The amount of current flowing through the portion of the cell membrane can be determined using Ohm's Law, which states that current (I) is equal to the potential difference (V) divided by the resistance (R). Given that the potential difference across the membrane is 91.3 mV and the resistivity of the membrane material is 1.30 x 10^7 Ω·m,

We can calculate the resistance of the membrane by rearranging the formula: R = V/I. However, to determine the resistance, we first need to find the current.

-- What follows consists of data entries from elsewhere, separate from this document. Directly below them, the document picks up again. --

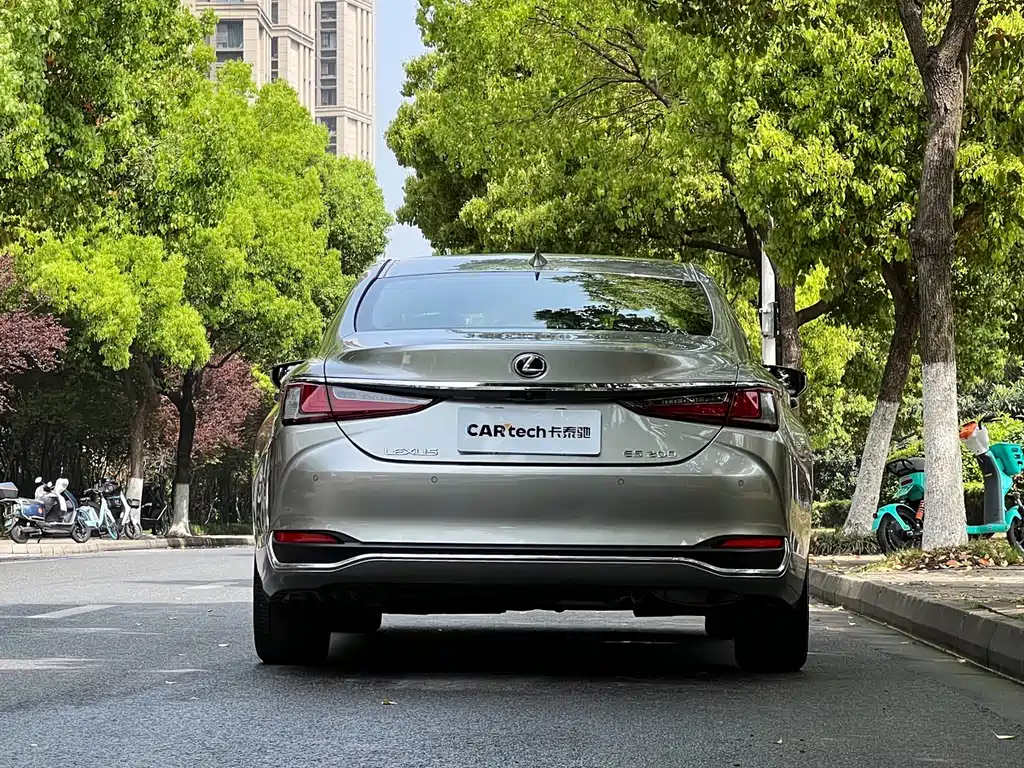 Lexus Lexus ES 2023 200 Excellent Edition 2024 - thumbnail 5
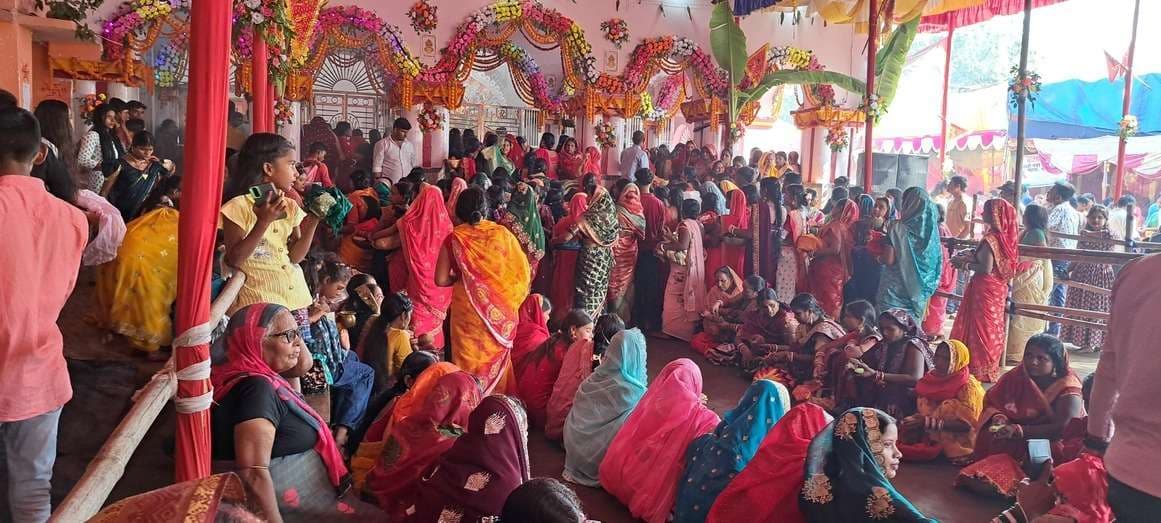 मेहरमा के दुर्गा मंदिरों में महाअष्टमी पर श्रद्धालुओं की जुटी भीड़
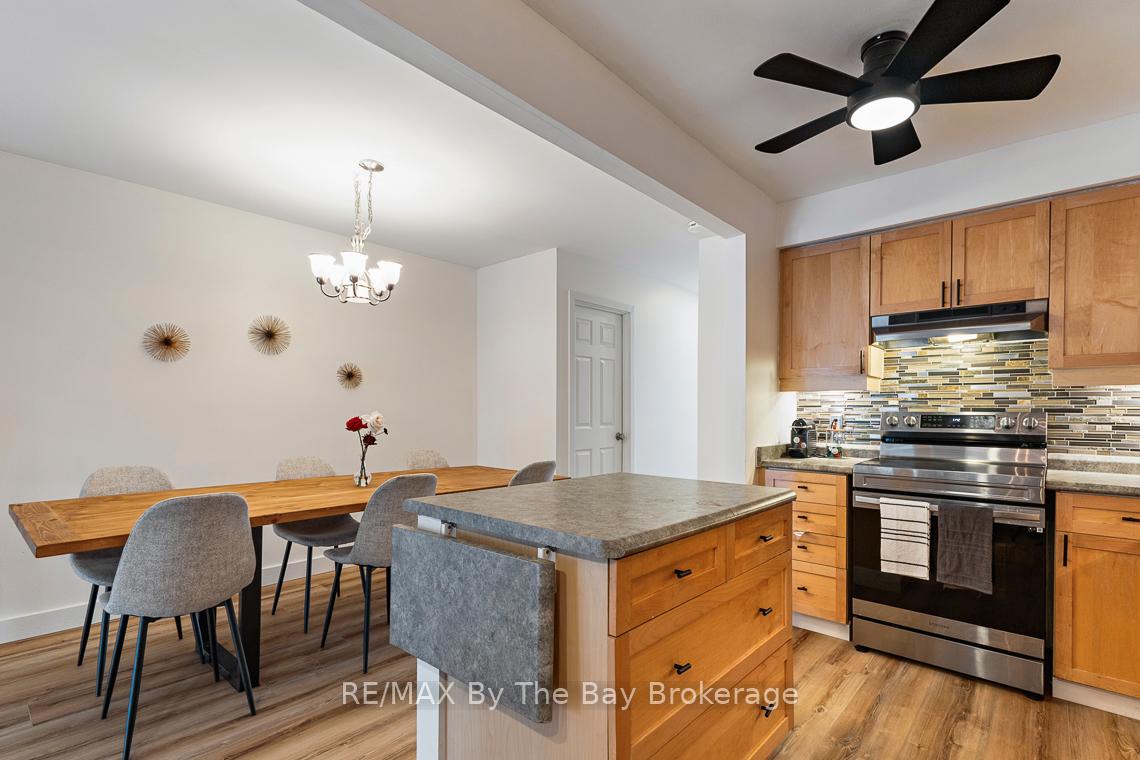 Photo 7 of 599 Tenth Street, Collingwood — HOMEH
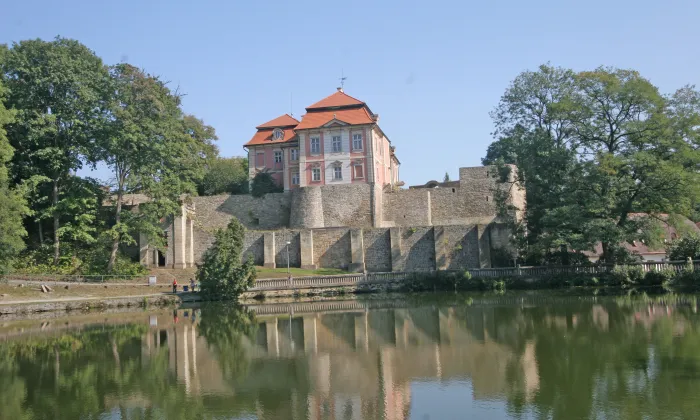 Zámek Chvalkovice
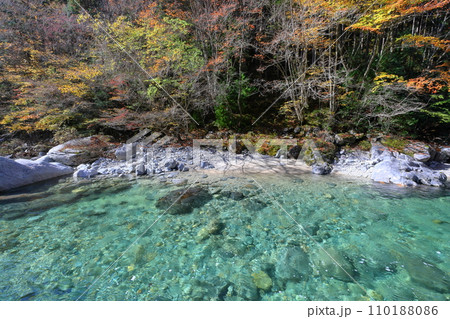長野県木曽郡大桑村野尻 阿寺渓谷の阿寺ブルーと紅葉の景色 長野県木曽郡大桑村野尻 阿寺渓谷の阿寺ブルーと紅葉の景色 110188086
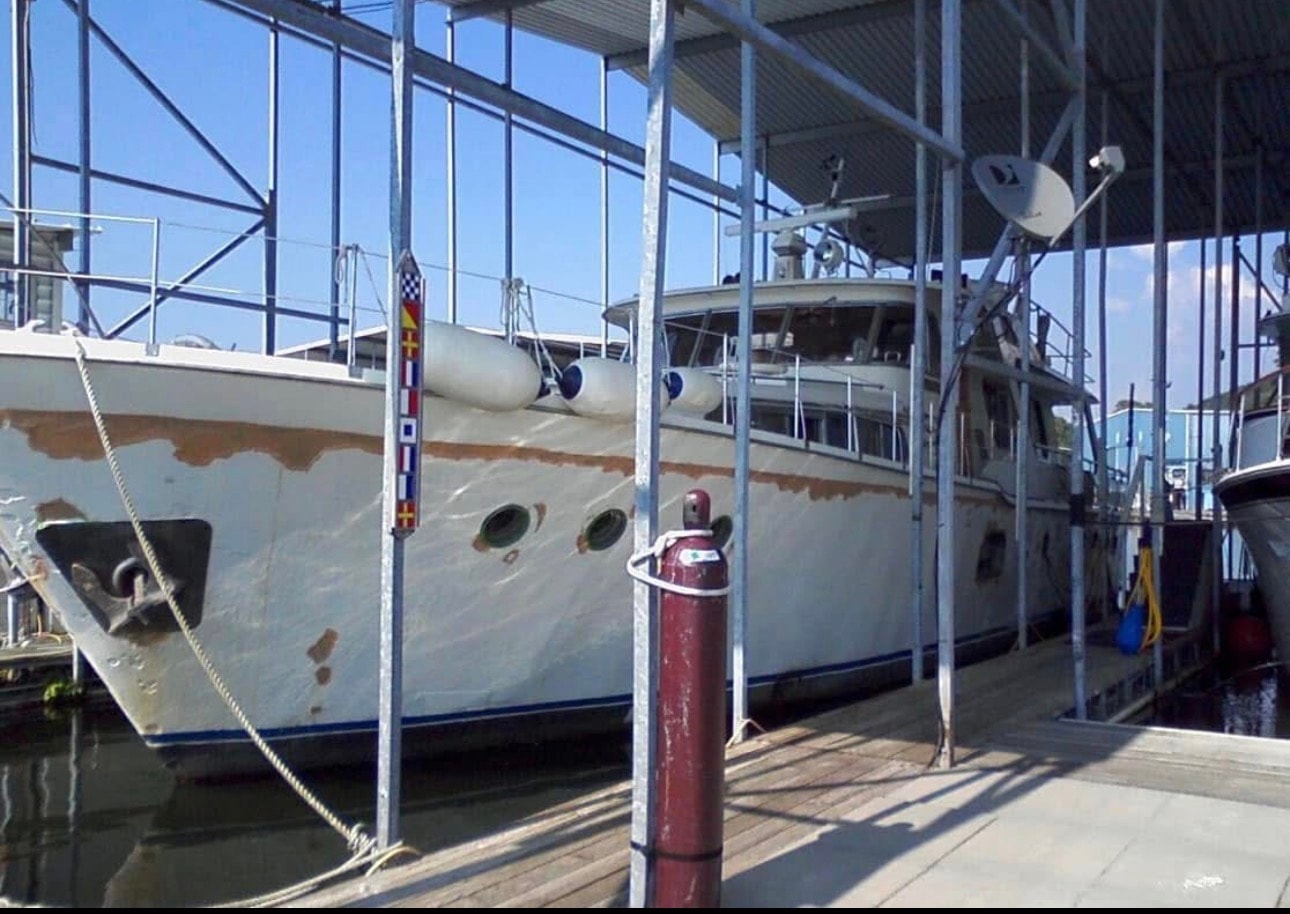 Corrosion repair on 82ft Benetti yacht Alabama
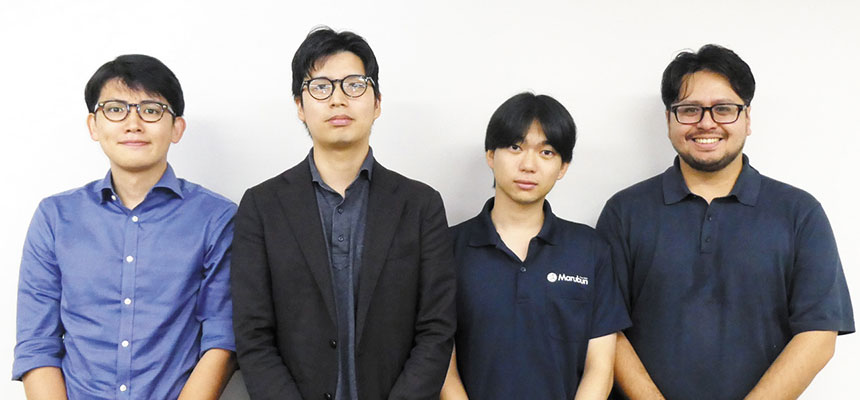 （右から）丸文 アントレプレナ事業本部 イーリスカンパニー 測位タイミング課 主任 尾形ケネス氏、同課 シニアアソシエイト 横塚慎太郎氏、同課 シニアアソシエイト 川浪大明氏、同課 アソシエイト 法貴隆太朗氏
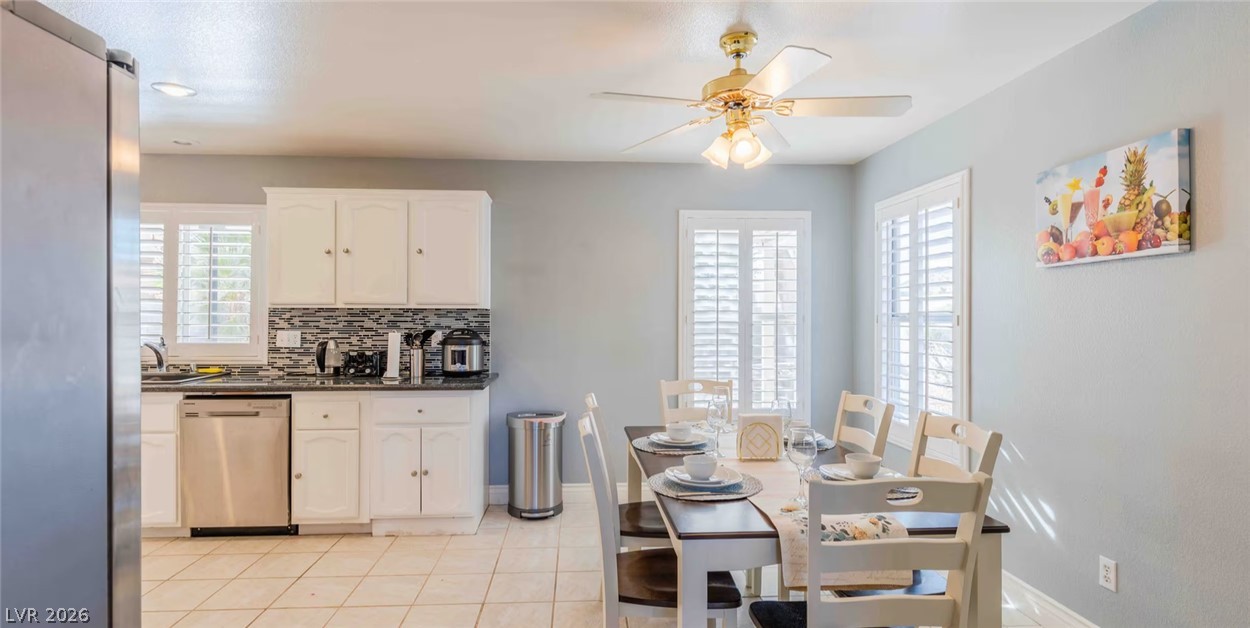 Photo 8 of 32, 9021 Debonair Court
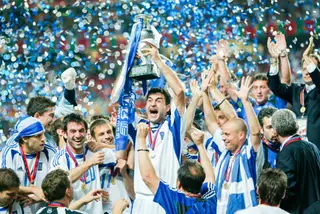 "Otto Rehhagel transformou um grupo de amadores numa equipa profissional": uma viagem à final do Euro 2004. Foi há 17 anos
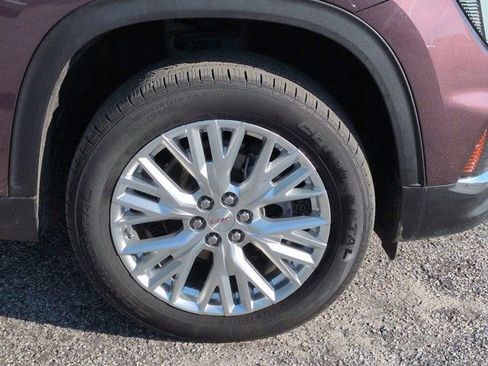 Used 2024 GMC Acadia Elevation FWD image 10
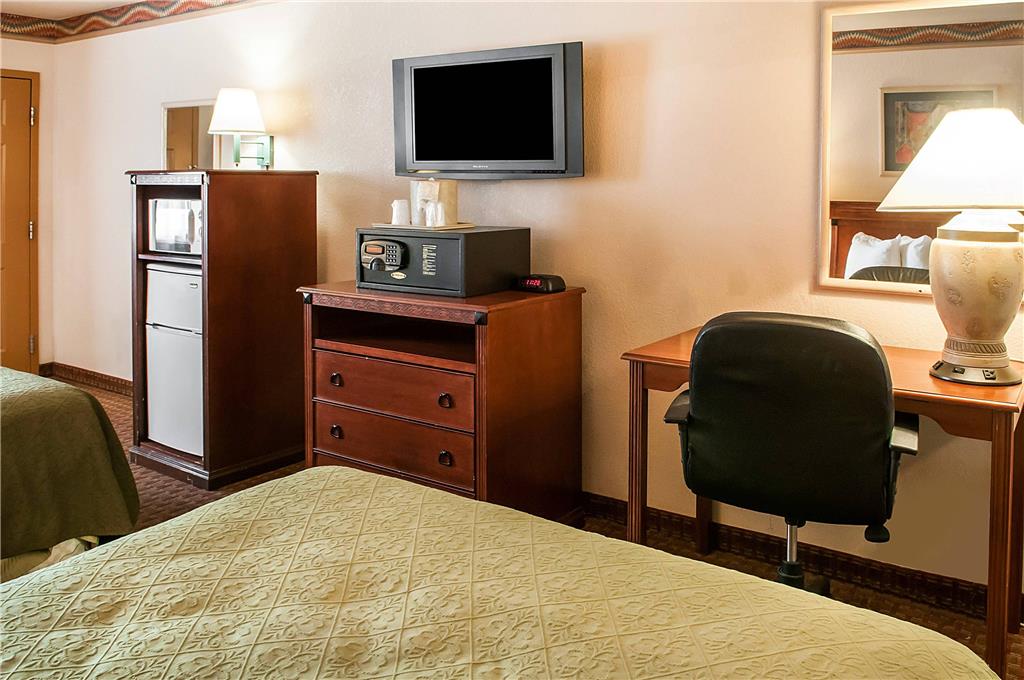 Quality Inn & Suites Las Cruces University Area - photo 12
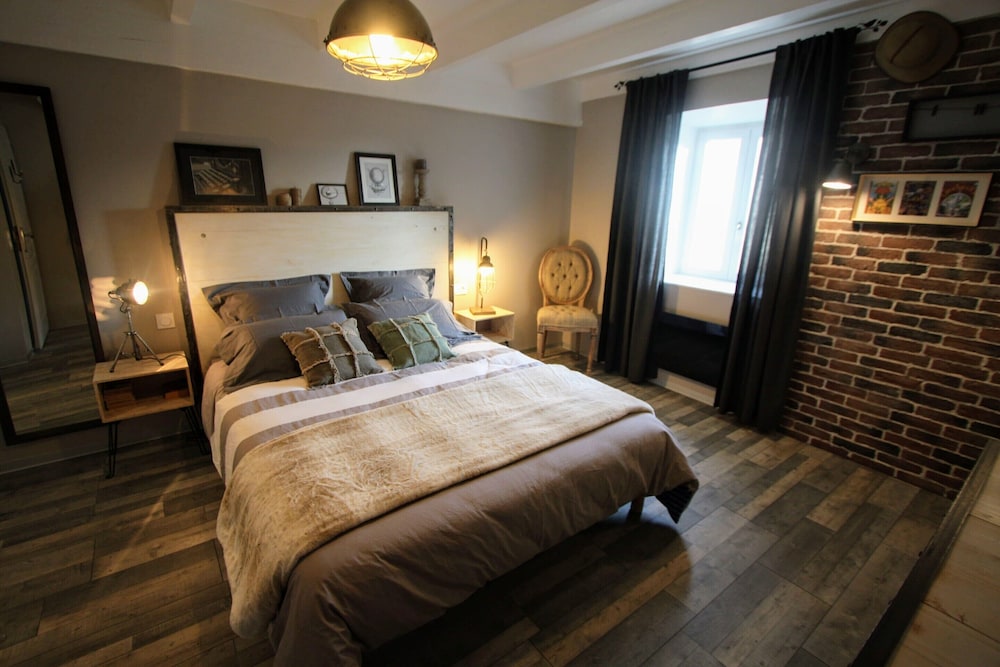 Superior Double Room, Ensuite, Mountain View (Jules Verne ) - Photo 1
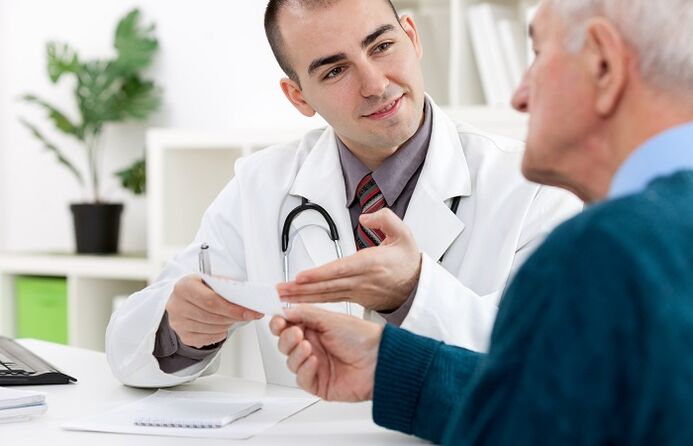 le médecin prescrit des médicaments pour la prostatite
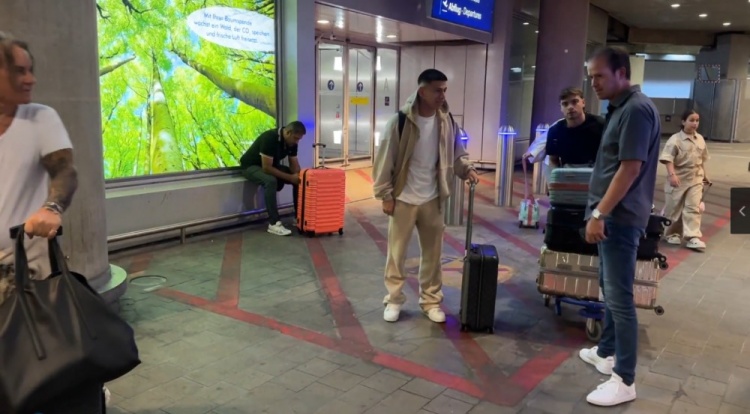德天空：埃切維里已抵達(dá)杜塞爾多夫，周三接受勒沃庫(kù)森體檢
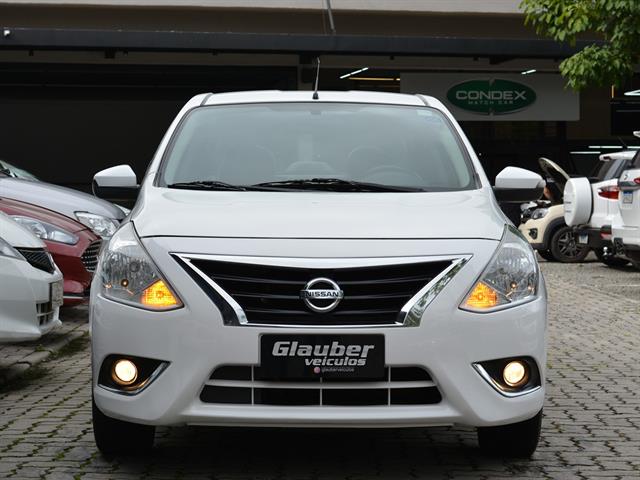 NISSAN VERSA UNIQUE 1.6 16V FLEXSTART 4P AUT. 2017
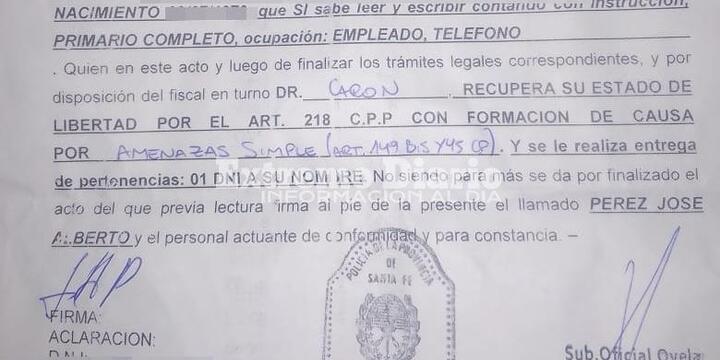 Uno de los documentos que le entregaron "al soltarlo" luego de varias horas de haber permanecido en la seccional 27ma.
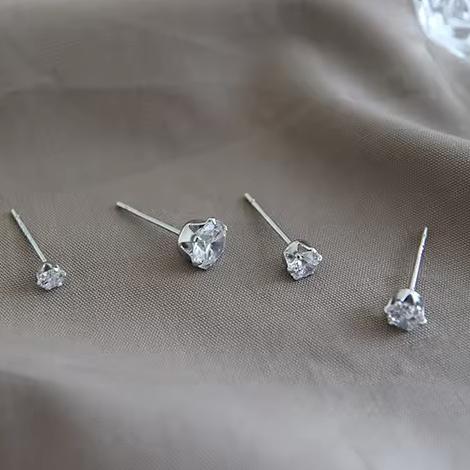 Various Sized 3mm 4mm 5mm 6mm Zircon Zc White Stone Studs Earrings 18K Gold Plated for Wedding Engagement Anniversary Party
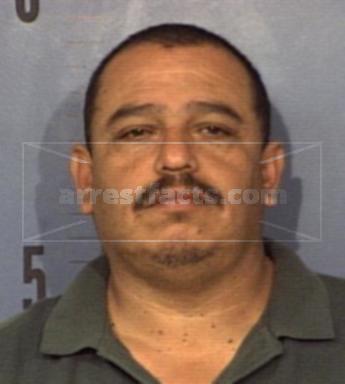 Roberto Vivian Velasquez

Since the current is equal to the potential difference divided by the resistance, we rearrange the formula to solve for current: I = V/R. Therefore, the current flowing through the portion of the membrane is I = 91.3 mV / R.

To calculate the resistance of the membrane, we need to consider the dimensions and the resistivity of the material. The resistivity represents the intrinsic property of the material, while the dimensions affect the cross-sectional area through which the current flows. Given that the membrane has a thickness of 7.50 nm and an area of 1.1 μm x 1.1 μm

We can determine the resistance using the formula: R = ρ * (L/A), where ρ is the resistivity, L is the thickness, and A is the cross-sectional area. In this case, R = (1.30 x 10^7 Ω·m) * (7.50 nm / (1.1 μm x 1.1 μm)). The resulting resistance of the membrane is the resistance of the portion of the membrane through which the current flows.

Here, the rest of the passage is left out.